Was mit den Oswalds dann dort passierte, darüber hat sicherlich die CIA ein dickes Dossier. Man reiste damals, Anfang der sechziger Jahre, nicht ohne weiteres von einer Welt in die andere. Moskau wußte, daß Oswald im Sommer 1963 in Mexiko die sowjetische Botschaft aufsuchte und dort eröffnete: er und seine Familie möchten nicht weiter in den USA bleiben. Er bat die Sowjetbehörden um ein Einreisevisum in die Sowjetunion. Bakatin: „Sein Ersuchen wurde abgelehnt.”

Reaktionäres Komplott?

Die Begründung hegt auf der Hand. Die damalige UdSSR war kein Einwanderungsland. Infolge der strikten Verordnung, die Sowjetbürger von jedem fremden Einfluß fernzuhalten, hatte Moskau verboten, Ersuchen ausländischer Einwanderer stattzugeben. Nicht einmal für Kommunisten aus westlichen Ländern gab es solche Privilegien, wenn sie nicht gerade zur Prominenz gehörten.

Und von Oswald hatten die Moskauer Zentralbehörden die Nase voll. Der Rest ist bekannt. Lee Harvey Oswald ging in die Geschichte als der Kennedy-Mörder ein. Wer ihn dazu angeleitet hat, was seine Motive waren und ob er die Tat allein ausführte, diese Fragen stehen noch unbeantwortet im Raum. Für mich sind sie durch den Warren-Bericht keinesfalls aufgeklärt.
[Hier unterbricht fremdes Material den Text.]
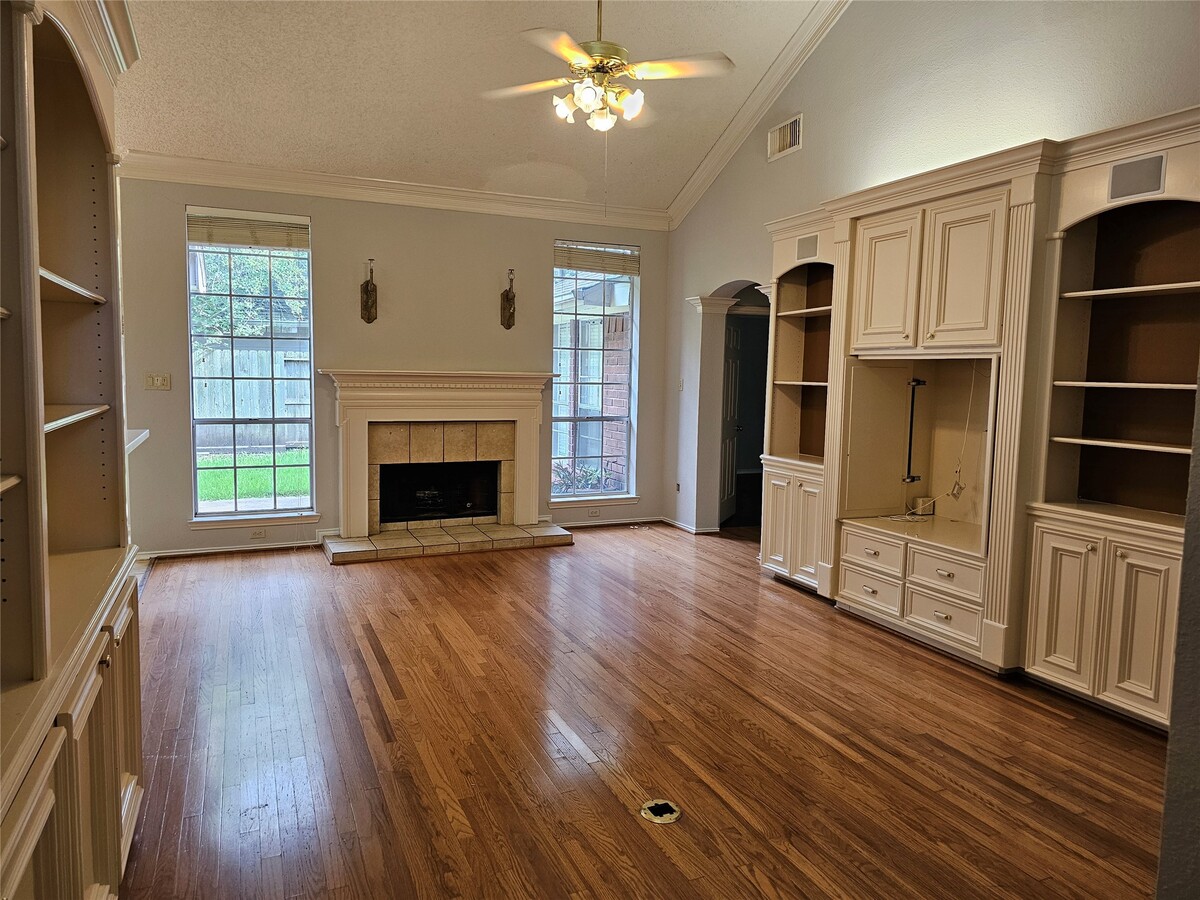 Photo - 6930 Shady Ln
Wadim Bakatins Analyse zum Kennedy-Mord ist aufschlußreich. Anhand von damaligen Analysen des KGB seien die Sicherheitsorgane zu dem Schluß gekommen, das Attentat sei „von reaktionären monopolistischen Kreisen im Komplott mit profaschistischen Gruppen der Vereinigten Staaten organisiert worden mit dem Ziel der Verstärkung der reaktionärsten und aggressivsten Aspekte der US-Politik.” Oswald habe man nur als Tatsubjekt benützt.

Diese Analyse entspricht keinesfalls der Wahrheit, sie paßt aber in das Weltbild der damaligen Kreml-Führung über das kapitalistische Staatensystem. Hinter den Kulissen hatte damals schon der Machtkampf zwischen der Chruschtschow-Gruppe und dem erzkonservativen KPdSU-Flügel begonnen. Im Oktober 1964 wurde Chruschtschow durch die Breschnew-Gruppe putschartig abgesetzt, die Politik der „friedlichen Koexistenz” nahm neue Dimensionen an - zu Ungunsten der Verständigung.